All'imputato era contestata sia la colpa generica, consistente in negligenza, imprudenza ed imperizia, sia la colpa specifica, per violazione del punto 1.6.12, All. 4 D. Lgs. 81/2008.
L'imputato fondava il proprio ricorso, tra altri motivi, anche sulla tesi della violazione dell'art. 521 c.p.p., con conseguente nullità della sentenza ex art. 522 c.p.p..
Egli sosteneva infatti come la violazione degli obblighi giuridici a suo carico avesse riguardato, in primo grado, il rapporto tra proprietario dell'immobile ed affittuario, ma con riferimento alle norme in materia di infortuni nei luoghi di lavoro; in appello, invece, il giudice aveva affermato la responsabilità sulla base degli obblighi cui è tenuto il locatore ai sensi dell'art. 1575 c.c., e con riferimento a circostanze di fatto non analizzate nel giudizio di primo grado. Di conseguenza, ne sarebbe risultato leso il diritto di difesa, essendo diverso difendersi circa una responsabilità che derivi da un macchinario difettoso fornito in locazione rispetto ad una responsabilità consistente nel non aver adempiuto agli obblighi gravanti sul proprietario del bene locato, e consistenti nella manutenzione sulla cosa oggetto del rapporto di locazione.

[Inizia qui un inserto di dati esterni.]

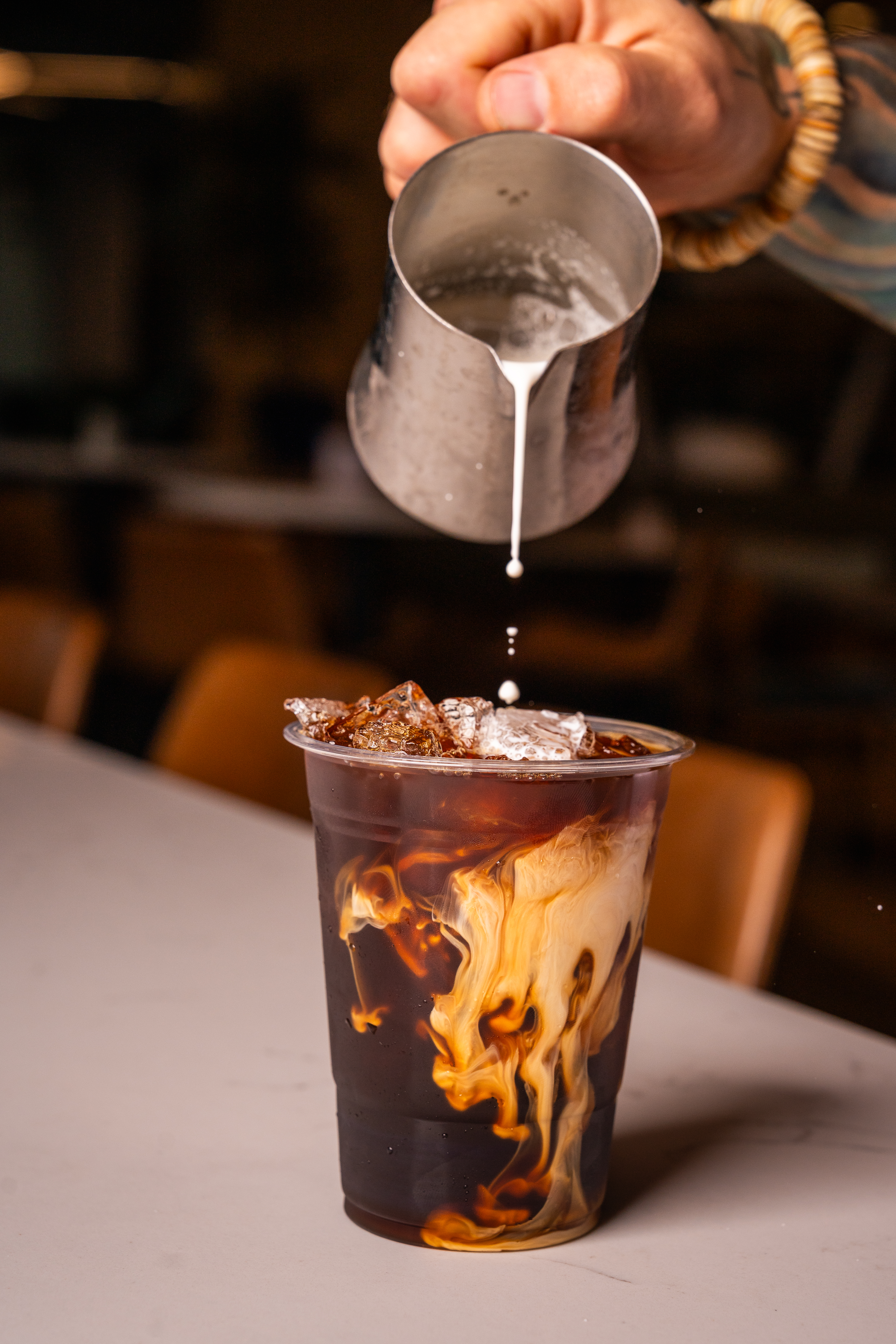 a glass cup on a table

Inoltre, il ricorrente sosteneva come fondare la responsabilità dell'imputato sulla norma di cui all'art. 1575 c.c. avrebbe reso necessario esaminare una serie di circostanze rilevanti in tal senso. Tra di esse, veniva annoverato il fatto che la persona offesa avesse accettato il manufatto sottoscrivendo la clausola di gradimento due anni prima del verificarsi dell'evento e la verifica circa la mancanza ab origine del fermo sulla porta scorrevole.
Infine, si affermava come fosse illogico e contraddittorio prendere in considerazione il rapporto giuridico esistente al momento in cui esso era stato costituito e non quello esistente tra autore del reato e persona offesa al momento all'epoca della verificazione dell'evento. In questo modo, infatti, si affermava il rapporto di causalità nella colpa sulla base della consegna da parte dell'imputato alla persona offesa di un locale in cattivo stato di manutenzione, fatto tuttavia accertato due anni dopo la consegna dell'immobile.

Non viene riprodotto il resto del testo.